--- DATA RECORDS Enclosed Below ---

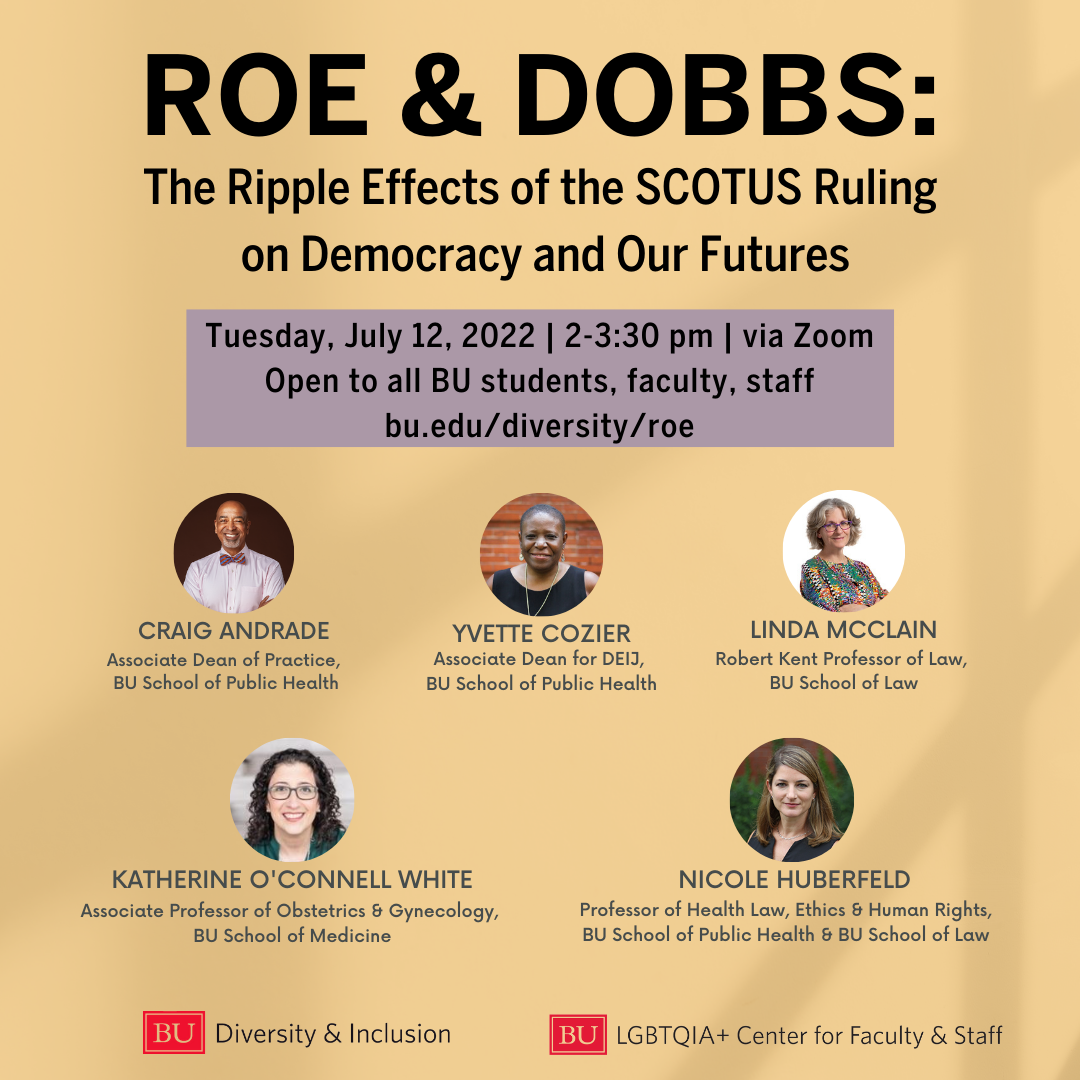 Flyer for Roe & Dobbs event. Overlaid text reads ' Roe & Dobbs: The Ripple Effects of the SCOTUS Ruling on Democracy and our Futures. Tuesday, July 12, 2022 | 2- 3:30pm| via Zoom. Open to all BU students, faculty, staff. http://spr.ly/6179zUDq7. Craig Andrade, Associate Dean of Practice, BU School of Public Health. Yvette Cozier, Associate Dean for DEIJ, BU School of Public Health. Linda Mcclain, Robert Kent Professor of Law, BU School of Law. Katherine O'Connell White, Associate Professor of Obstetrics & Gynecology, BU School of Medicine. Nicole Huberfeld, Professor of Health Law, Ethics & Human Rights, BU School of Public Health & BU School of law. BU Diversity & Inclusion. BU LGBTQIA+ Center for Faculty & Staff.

--- End of Enclosed DATA RECORDS ---
--- DATA RECORDS Enclosed Below ---

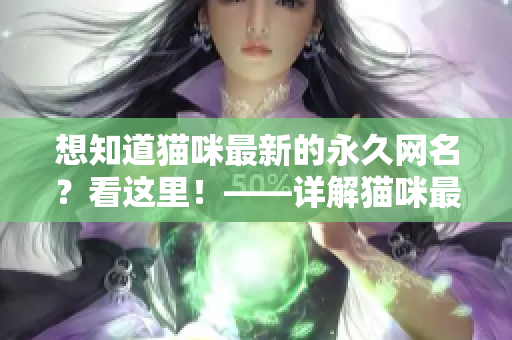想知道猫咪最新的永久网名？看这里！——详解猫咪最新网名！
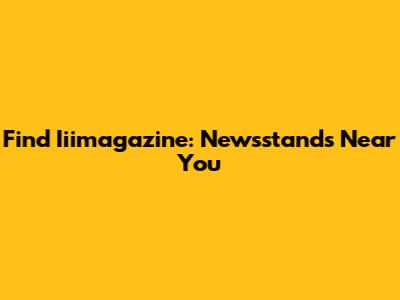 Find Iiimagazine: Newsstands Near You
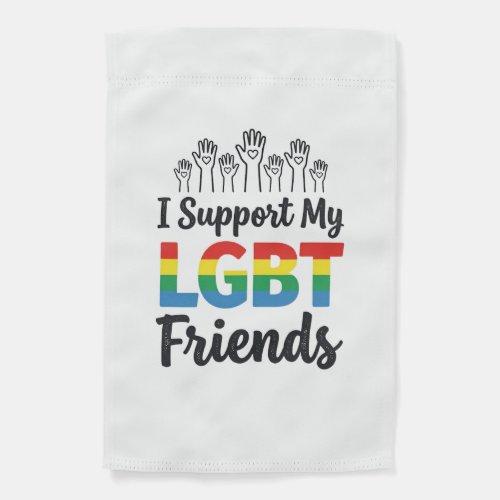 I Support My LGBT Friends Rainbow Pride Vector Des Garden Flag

--- End of Enclosed DATA RECORDS ---
--- DATA RECORDS Enclosed Below ---

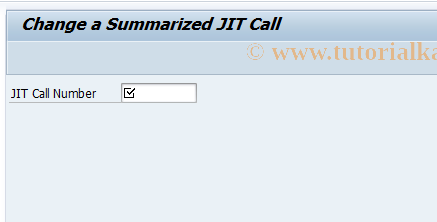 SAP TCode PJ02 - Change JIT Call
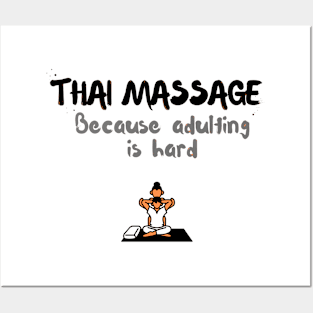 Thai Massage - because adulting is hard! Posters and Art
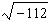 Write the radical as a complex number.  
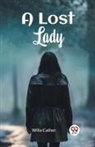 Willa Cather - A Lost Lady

--- End of Enclosed DATA RECORDS ---

● **TASK STATEMENT**: Set the pictures aside and retype exactly the lines above from the line with "想知道猫咪最新的永久网名？看这里！——详解猫咪最新网名！" to the line with "I Support My", both included, adding no others.

● **SOLVED PROBLEM**:
想知道猫咪最新的永久网名？看这里！——详解猫咪最新网名！
 Find Iiimagazine: Newsstands Near You
 I Support My LGBT Friends Rainbow Pride Vector Des Garden Flag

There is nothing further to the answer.